### [EXERCISE PROMPT]
Leaving the pictures aside, write out the whole listing below exactly.

### [SUPPLIED MATERIAL]
▼
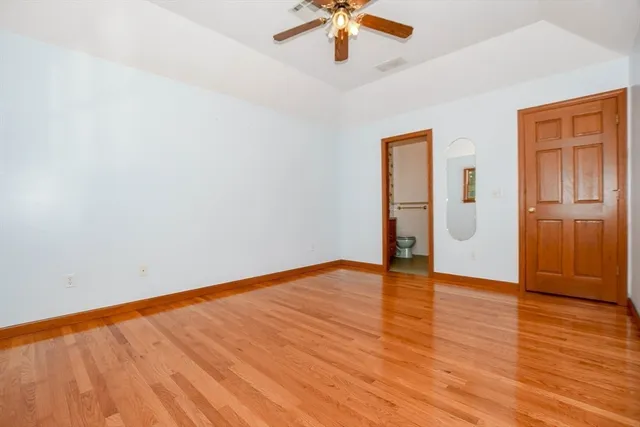 an empty room with wooden floor fan and windows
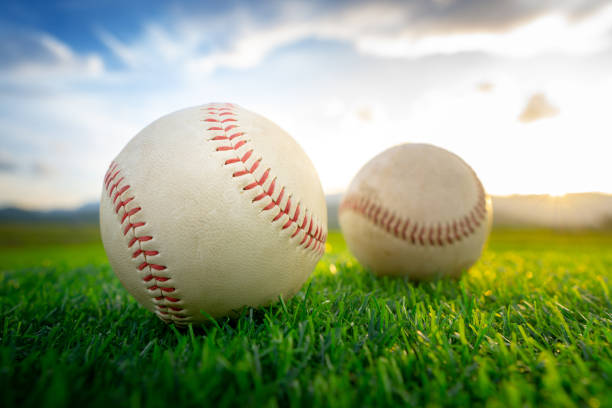 istock Close up baseball on the green grass background at sunset. 992427544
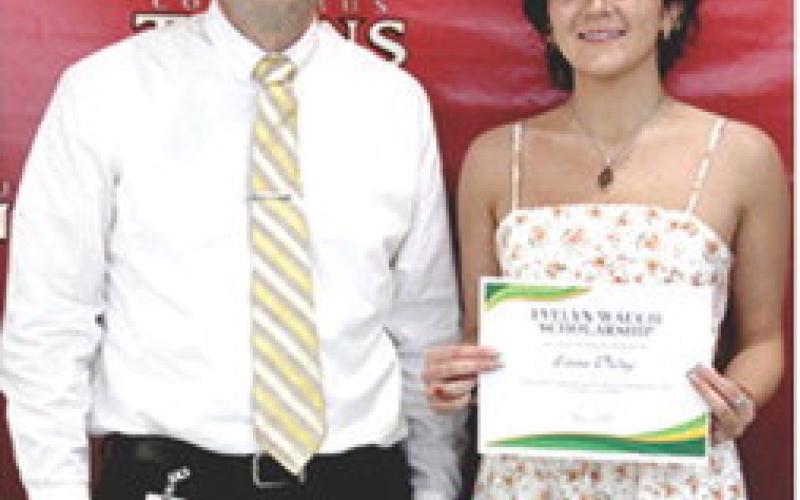 Emma Duling received the Evelyn Waugh scholarship from Waugh’s grandson and Central Elementary Principal, Aaron Rider, in the amount of $300 during the CUHS Senior Assembly, May 16 at the Columbus High School Gymnasium.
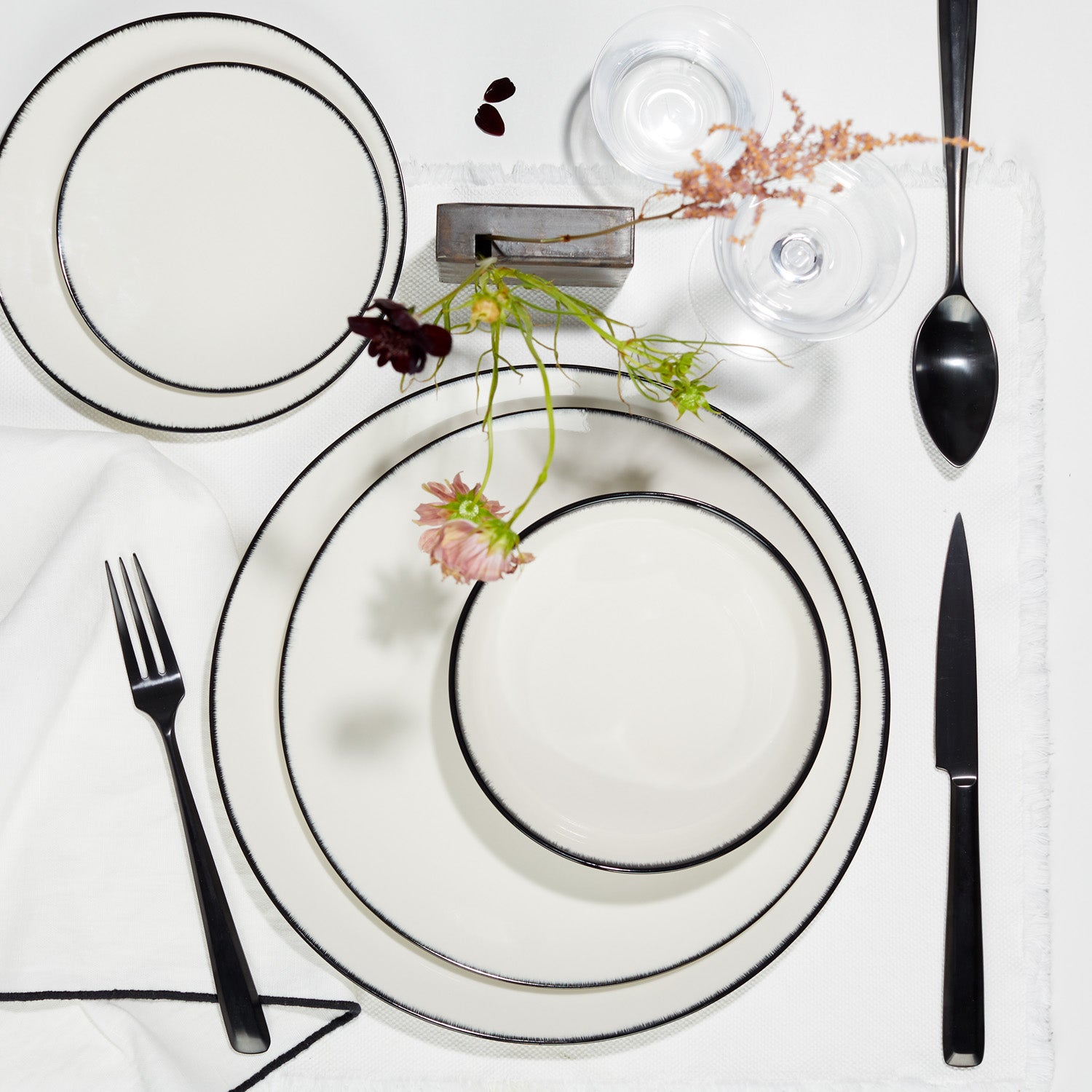 Modern and elegant table setting with minimalist black utensils.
▲
### [SOLUTION]
 an empty room with wooden floor fan and windows
 istock Close up baseball on the green grass background at sunset. 992427544
 Emma Duling received the Evelyn Waugh scholarship from Waugh’s grandson and Central Elementary Principal, Aaron Rider, in the amount of $300 during the CUHS Senior Assembly, May 16 at the Columbus High School Gymnasium.
 Modern and elegant table setting with minimalist black utensils.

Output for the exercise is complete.